For fall, Antonio Marras turned his headquarters in Milan into a dreamy garden filled with roses — and peppered with a few nymph-like models hidden in the rosebushes, embroidering and looking otherworldly.
“The rose is a wonderful flower, but here it’s wild, not tended by a gardener, as it grows on its own, climbing over the garments,” Marras said backstage.
Patchworks have long been a Marras signature, and this season the theme was further developed as he stitched the garments as if they had been “cut by the roses’ prickles.” He applied the rose motif on vintage jackets that he revisited, sketched it on silk evening slipdresses, and on suits that had a 1940s silhouette, and had it running down men’s cardigans and tailored pinstriped or evening jackets.

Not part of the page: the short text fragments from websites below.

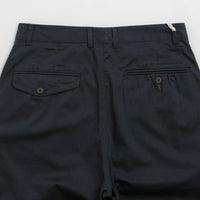 Universal Works Double Pleat Pants - Navy thumbnail
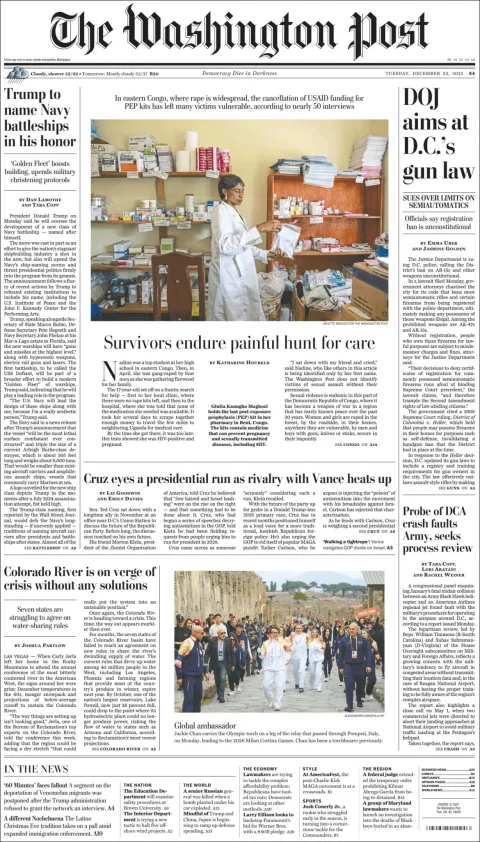Portada de The Washington Post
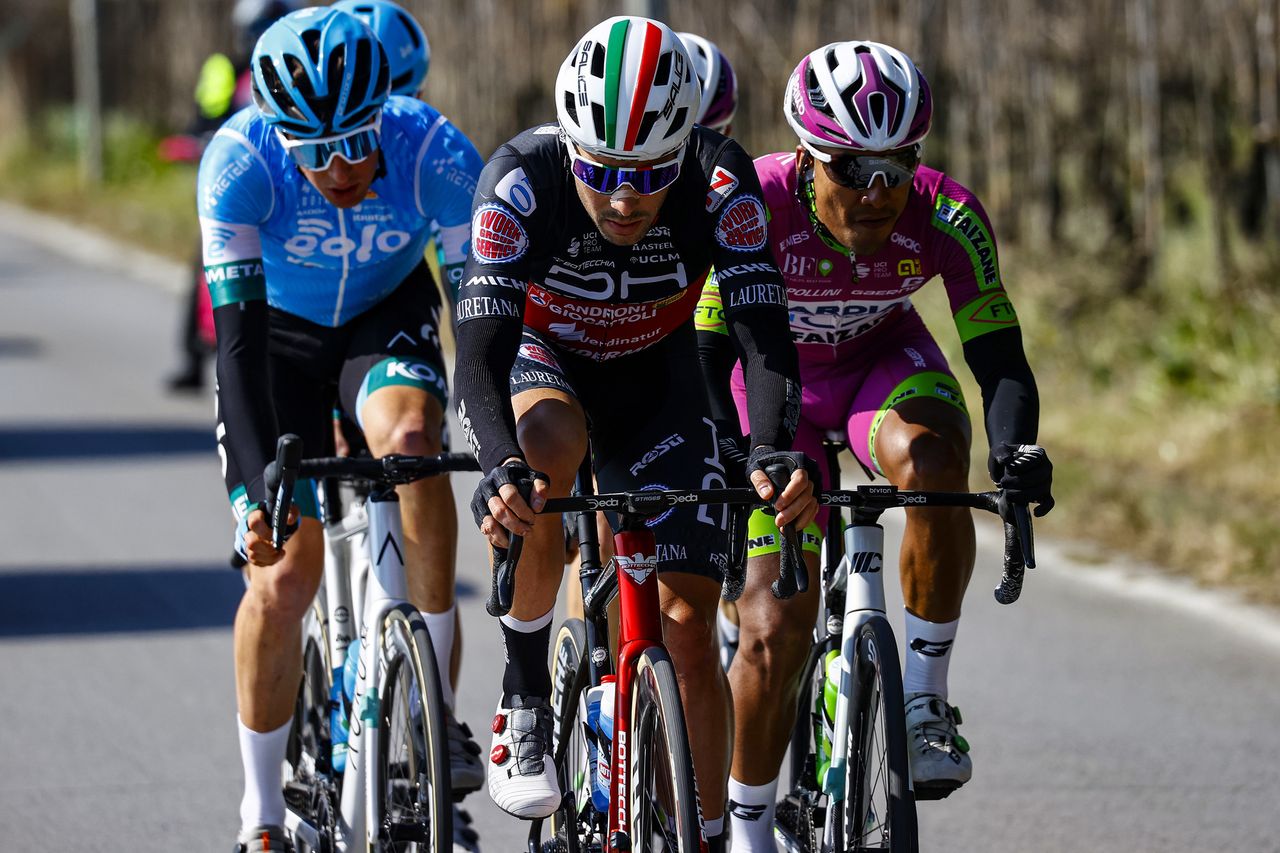 Tirreno Adriatico 2022 - 57th Edition - 2nd stage Camaiore - Sovicille 219 km - 08/03/2022 - Umberto Marengo (ITA - Drone Hopper - Androni Giocattoli) - photo Luca Bettini/SprintCyclingAgency&Acirc;&copy;2022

The embroideries, done by hand in his Alghero, Italy, atelier, are always exquisite and here they sparkled and decorated mannish shirts as well as light chiffon skirts, for example. The roses were also seen as prints on lovely and fluid evening dresses that had an aura of old Hollywood glamour. For fall, Marras added leopard print inserts on a burgundy coat or a men’s peacoat. Inlays, velvets, damasks and brocades alternated across parkas and kimonos.
“I am born a minimalist, but I get messy in the process,” he quipped, as he admitted he worked with shapes that are initially simple, transformed by his decorative embellishments.
Marras highlighted the Caragol bag whose name, in the dialect of Alghero, means snail. It will be immediately available for sale at the flagships in Milan, Florence, Rome and New York, as well as online.
A creative project should never be rushed or considered with a stopwatch, but this season Marras opted for a more edited collection compared with the past, and it was a successful move. The lineup was focused, each garment a singular proposition that allowed it to shine on its own while still being part of a cohesive vision, making the show enjoyable and uplifting.